--- Data ---
□ □ □ □ □

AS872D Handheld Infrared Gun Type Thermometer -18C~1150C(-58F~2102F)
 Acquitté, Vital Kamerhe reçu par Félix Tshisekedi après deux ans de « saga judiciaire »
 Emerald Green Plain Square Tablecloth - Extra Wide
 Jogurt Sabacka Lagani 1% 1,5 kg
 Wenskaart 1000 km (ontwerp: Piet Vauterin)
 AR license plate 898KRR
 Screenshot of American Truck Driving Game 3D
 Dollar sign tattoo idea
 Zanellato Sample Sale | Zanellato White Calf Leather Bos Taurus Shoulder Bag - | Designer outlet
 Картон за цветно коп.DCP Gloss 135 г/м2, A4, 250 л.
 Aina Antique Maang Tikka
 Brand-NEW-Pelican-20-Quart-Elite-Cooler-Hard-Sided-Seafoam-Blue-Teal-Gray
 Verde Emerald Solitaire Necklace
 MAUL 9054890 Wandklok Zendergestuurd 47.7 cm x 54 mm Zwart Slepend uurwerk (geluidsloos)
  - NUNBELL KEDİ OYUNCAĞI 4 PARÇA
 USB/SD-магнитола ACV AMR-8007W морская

□ □ □ □ □

--- What you are asked to do ---
Reproduce exactly the line that holds "Emerald Green Plain", then every line after it, ending with the final line of the records above.

--- Response ---
 Emerald Green Plain Square Tablecloth - Extra Wide
 Jogurt Sabacka Lagani 1% 1,5 kg
 Wenskaart 1000 km (ontwerp: Piet Vauterin)
 AR license plate 898KRR
 Screenshot of American Truck Driving Game 3D
 Dollar sign tattoo idea
 Zanellato Sample Sale | Zanellato White Calf Leather Bos Taurus Shoulder Bag - | Designer outlet
 Картон за цветно коп.DCP Gloss 135 г/м2, A4, 250 л.
 Aina Antique Maang Tikka
 Brand-NEW-Pelican-20-Quart-Elite-Cooler-Hard-Sided-Seafoam-Blue-Teal-Gray
 Verde Emerald Solitaire Necklace
 MAUL 9054890 Wandklok Zendergestuurd 47.7 cm x 54 mm Zwart Slepend uurwerk (geluidsloos)
  - NUNBELL KEDİ OYUNCAĞI 4 PARÇA
 USB/SD-магнитола ACV AMR-8007W морская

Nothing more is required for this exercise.